_Instructions for the task:_
Give back the lines of the records exactly, starting at the first and ending at the one with "2020 Skoda Rapid".

_Material for the task:_
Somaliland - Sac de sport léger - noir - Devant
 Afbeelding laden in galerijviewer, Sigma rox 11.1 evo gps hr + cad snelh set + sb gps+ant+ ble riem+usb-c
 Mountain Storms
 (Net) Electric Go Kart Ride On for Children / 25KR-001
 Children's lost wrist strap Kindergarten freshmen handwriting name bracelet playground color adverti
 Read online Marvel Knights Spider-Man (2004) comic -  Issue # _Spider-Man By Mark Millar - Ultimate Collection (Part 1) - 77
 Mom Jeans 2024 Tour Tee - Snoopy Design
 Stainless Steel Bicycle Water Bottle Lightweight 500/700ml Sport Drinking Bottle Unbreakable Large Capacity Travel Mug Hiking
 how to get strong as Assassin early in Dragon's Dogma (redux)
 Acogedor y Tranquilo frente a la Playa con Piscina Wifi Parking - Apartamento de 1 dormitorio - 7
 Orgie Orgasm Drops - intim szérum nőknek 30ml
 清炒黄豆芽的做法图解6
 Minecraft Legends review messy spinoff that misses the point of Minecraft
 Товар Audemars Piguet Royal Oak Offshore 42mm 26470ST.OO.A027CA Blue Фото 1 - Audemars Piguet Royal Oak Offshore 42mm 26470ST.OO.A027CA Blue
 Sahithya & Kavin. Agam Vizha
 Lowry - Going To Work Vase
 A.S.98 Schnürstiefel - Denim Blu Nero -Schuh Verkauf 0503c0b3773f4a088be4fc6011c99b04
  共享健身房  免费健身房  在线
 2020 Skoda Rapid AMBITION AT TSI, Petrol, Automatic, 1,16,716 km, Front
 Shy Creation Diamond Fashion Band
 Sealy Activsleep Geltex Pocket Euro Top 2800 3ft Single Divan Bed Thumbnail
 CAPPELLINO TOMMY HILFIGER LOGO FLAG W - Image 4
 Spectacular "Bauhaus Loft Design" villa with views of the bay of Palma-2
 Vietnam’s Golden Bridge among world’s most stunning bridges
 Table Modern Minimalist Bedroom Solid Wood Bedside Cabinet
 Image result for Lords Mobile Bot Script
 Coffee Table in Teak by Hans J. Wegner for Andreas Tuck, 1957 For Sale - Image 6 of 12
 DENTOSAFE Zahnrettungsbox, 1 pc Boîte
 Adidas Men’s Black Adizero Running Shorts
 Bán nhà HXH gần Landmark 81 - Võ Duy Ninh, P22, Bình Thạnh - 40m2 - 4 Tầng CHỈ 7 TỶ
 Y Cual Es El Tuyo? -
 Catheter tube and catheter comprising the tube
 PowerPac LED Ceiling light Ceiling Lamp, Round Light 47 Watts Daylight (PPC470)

_Output:_
Somaliland - Sac de sport léger - noir - Devant
 Afbeelding laden in galerijviewer, Sigma rox 11.1 evo gps hr + cad snelh set + sb gps+ant+ ble riem+usb-c
 Mountain Storms
 (Net) Electric Go Kart Ride On for Children / 25KR-001
 Children's lost wrist strap Kindergarten freshmen handwriting name bracelet playground color adverti
 Read online Marvel Knights Spider-Man (2004) comic -  Issue # _Spider-Man By Mark Millar - Ultimate Collection (Part 1) - 77
 Mom Jeans 2024 Tour Tee - Snoopy Design
 Stainless Steel Bicycle Water Bottle Lightweight 500/700ml Sport Drinking Bottle Unbreakable Large Capacity Travel Mug Hiking
 how to get strong as Assassin early in Dragon's Dogma (redux)
 Acogedor y Tranquilo frente a la Playa con Piscina Wifi Parking - Apartamento de 1 dormitorio - 7
 Orgie Orgasm Drops - intim szérum nőknek 30ml
 清炒黄豆芽的做法图解6
 Minecraft Legends review messy spinoff that misses the point of Minecraft
 Товар Audemars Piguet Royal Oak Offshore 42mm 26470ST.OO.A027CA Blue Фото 1 - Audemars Piguet Royal Oak Offshore 42mm 26470ST.OO.A027CA Blue
 Sahithya & Kavin. Agam Vizha
 Lowry - Going To Work Vase
 A.S.98 Schnürstiefel - Denim Blu Nero -Schuh Verkauf 0503c0b3773f4a088be4fc6011c99b04
  共享健身房  免费健身房  在线
 2020 Skoda Rapid AMBITION AT TSI, Petrol, Automatic, 1,16,716 km, Front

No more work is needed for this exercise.